Auch von höchster adliger Stelle wurde Kinahan’s LL Whiskey übrigens Wertschätzung und entgegengebracht: Sowohl Queen Victoria als auch King Edward machten Kinahan’s zum königlichen Hoflieferanten.

Über vier Generationen hinweg wurden die Geschicke des Kinahan’s von der Familie des Gründers Daniel Kinahan bestimmt: Nach seinem Tod 1827 übernahm sein Sohn Robert Henry die Leitung, gefolgt 1861 von dessen Sohn Edward Hudson, der 1887 den Ritterschlag und das Anrecht auf den Titel Sir erhielt. Die adelige Stellung bescherte ihm den holprig klingenden Namen Edward Hudson Hudson-Kinahan. Er und zwei seiner Cousins gehörten zu den fünf leitenden Direktoren, die das Unternehmen nach der Änderung des Unternehmens zu einer Limited Liability Company im Jahr 1890 leiteten. Ihm folgte nach seinem Tod 1892 sein Sohn nach, der den gleichen Namen trug. Da dieser zu der Zeit aber als Mitglied des königlichen Regiments in Indien diente und nach seiner Rückkehr wegen seiner angegriffenen Gesundheit in Glenville lebte, dürfte er vermutlich wenig zur praktischen Leitung der Firma beigetragen haben.

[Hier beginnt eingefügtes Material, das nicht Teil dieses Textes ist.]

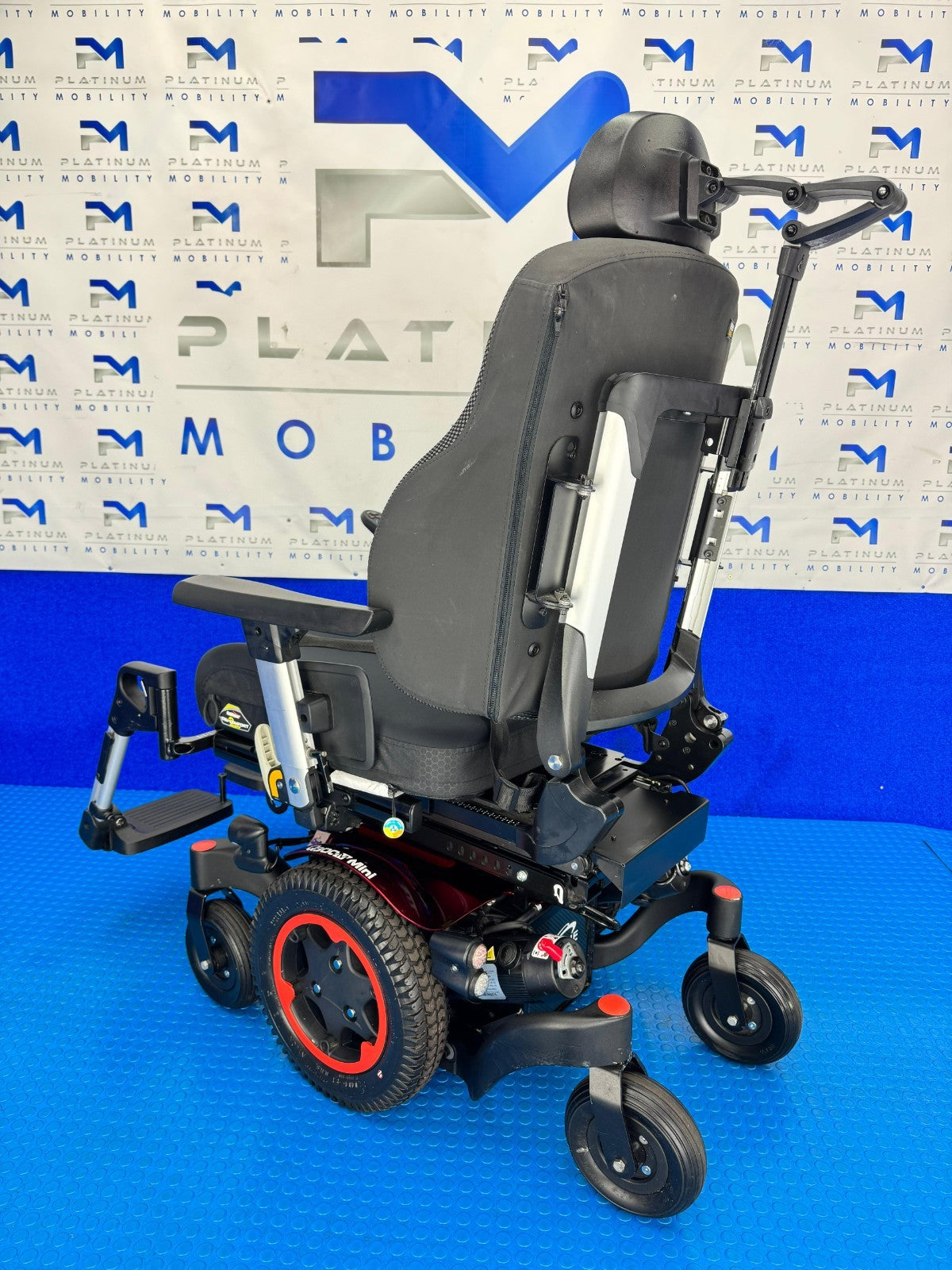 Sunrise Quickie Q300M Mini Powerchair 6mph Riser Electric Wheelchair *2010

Doch alle Qualität, aller Erfolg und hochrangige Unterstützung bewahrten auch den Kinahan’s Whiskey schlussendlich in der Folge der rapide sinkenden Nachfrage aufgrund der wachsenden Popularität des Scotch und dem Wegbrechen des amerikanischen Marktes nicht vor dem Schicksal der meisten irischen Whiskeys: Der Kinahan’s Whiskey verschwand vor gut 80 Jahren vom Markt. Nachdem 1911 das Carlisle Building verkauft worden war, übernahm Bagot & Hutton das Abfüllen und den Vertrieb der verbliebenen Whiskeyvorräte für die Firma Kinahan. Nach dem Ausverkauf fusionierte man 1927 zu Bagot Hutton & Kinahan, doch auch dieses Unternehmen wurde dann 1988 aufgelöst.

(Quelle für die geschichtlichen Angaben: Kinahan’s LL: A Forgotten Dublin Whiskey. Jack Kinahan, Dublin Historical Record Vol. 60, No.2)

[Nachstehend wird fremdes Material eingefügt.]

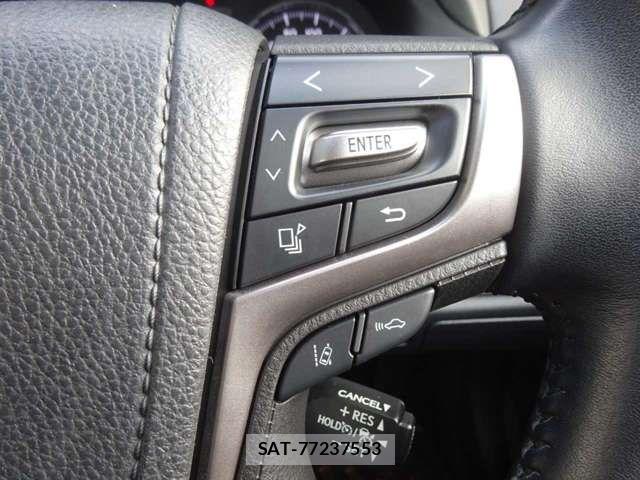 Toyota CROWN SEDAN 2016-09 8658541-12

Zurück zum neuen Kinahan’s Irish Whiskey

Es war das Ende der Ära Kinahan’s – so jedenfalls schien es. Nun also wird der irischen Whiskeymarke ein zweites Leben eingehaucht. Ein alter Name, ein neuer Start, ein neuer Whiskey. Ich persönlich bin an diesem Abend nicht zum großen Fan des würzigen KASC geworden. Ich bin einfach eher der schlichte Typ, der auf fein-elegante Whiskys aus Bourbonfassreifungen steht 🙂 Die beiden anderen Kinahan’s konnten mich aber durchaus von sich einnehmen. Aber Geschmäcker sind unterschiedlich und auf der MS Riverstar gab es viele, die dem KASC einen „Daumen hoch“ gaben – ihr bildet euch also am besten (wie immer) selbst eine Meinung.